Par ailleurs, je prône la responsabilité au sein des pays africains, nous ne pouvons pas continuer à demander aux autres de faire pour nous ce que nous devrions faire pour nous-mêmes. Les défis sont importants et face à l’urgence climatique, le temps de réaction et les ressources à mobiliser ne suivent pas forcément.

A. PL. : Les Conférences des Parties s’enchaînent depuis des années et on a l’impression que les choses ne bougent pas vraiment. Qu’attendez-vous de la prochaine COP ?

C.T. : En fait, il y a effectivement beaucoup de paroles et très peu d’actes posés. Ce que j’espère de cette COP, c’est au moins le respect des engagements pris depuis l’Accord de Paris, par les pays industrialisés. Les pays les plus pollueurs doivent contribuer à hauteur de leur niveau de pollution. Mais jusqu’ici, il reste encore beaucoup à faire. Les fonds mis en place pour gérer l’adaptation aux changements sont gérés dans les pays occidentaux qui ne sont pas confrontés directement aux conséquences. J’attends de cette COP que l’on passe à l’action et qu’on mette à la disposition des pays les plus pauvres les 100 milliards de dollars promis par an dans le cadre du Fonds vert pour le climat, destinés aux pays les plus pauvres. Le chemin est encore long mais je pense que l’une des solutions serait que les pays d’Afrique s’organisent pour mettre en place un fonds au niveau continental pour répondre aux préoccupations des populations sur les problématiques climatiques.

A. PL. : Quel message souhaiteriez-vous partager avec nos lecteurs ?

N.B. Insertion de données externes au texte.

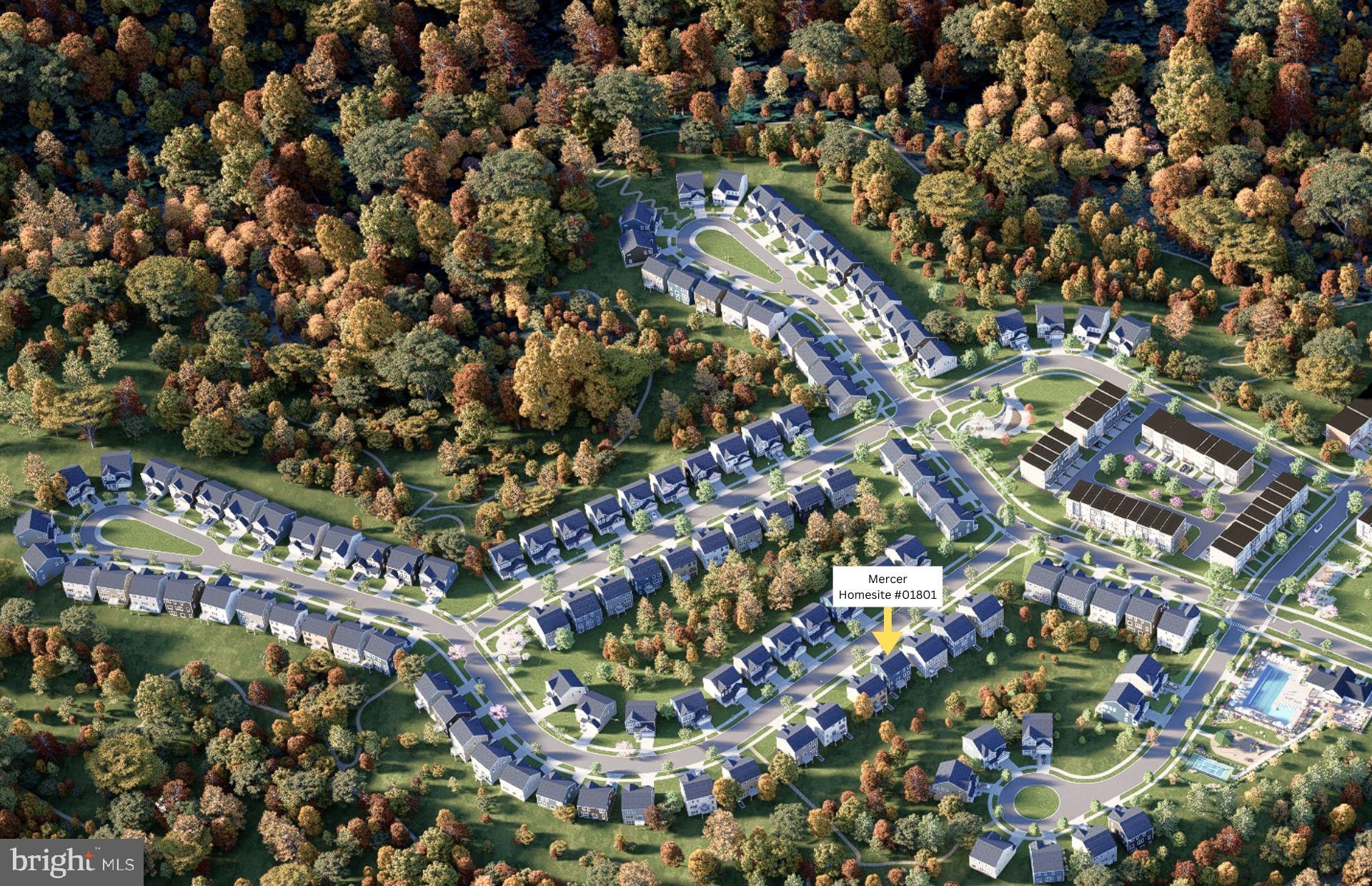 14508 Sourgum Road Boyds, MD 20841 - Photo 14 of 20 Homesite Location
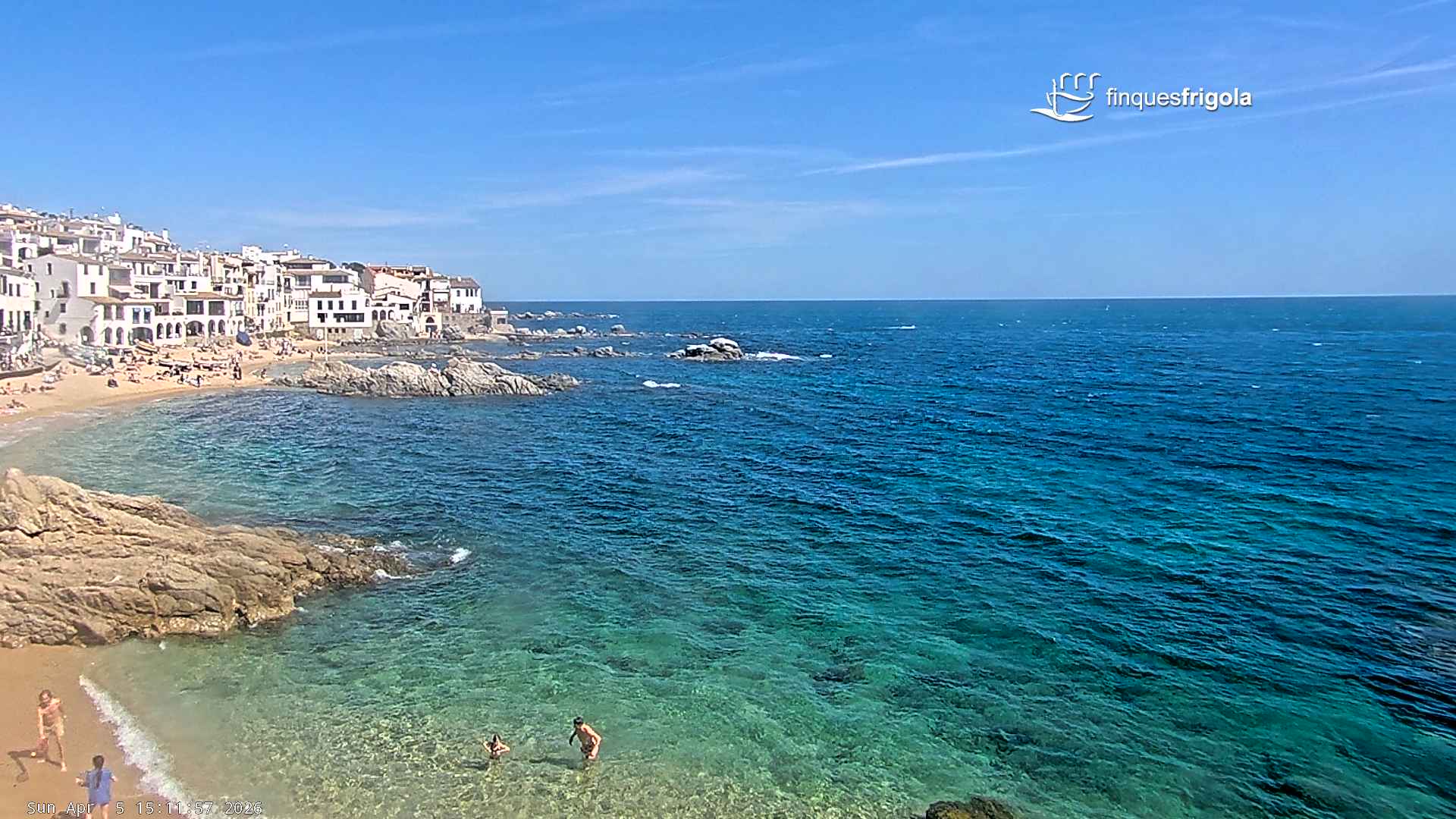 Webcam de Calella - costa brava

C.T. : Il n’est jamais trop tard pour agir, le climat est une question qui nous concerne tous. Chacun, à son niveau, peut faire quelque chose. J’invite tout le monde à se lancer dans la bataille, par de petits gestes, par un effort de sensibilisation, pour ne pas assombrir l’avenir que nous laisserons aux prochaines générations. Je crois en notre continent, je crois en la possibilité de construire un avenir meilleur si nous dépassons des postures individualistes pour l’intérêt collectif et pour changer le narratif sur l’Afrique.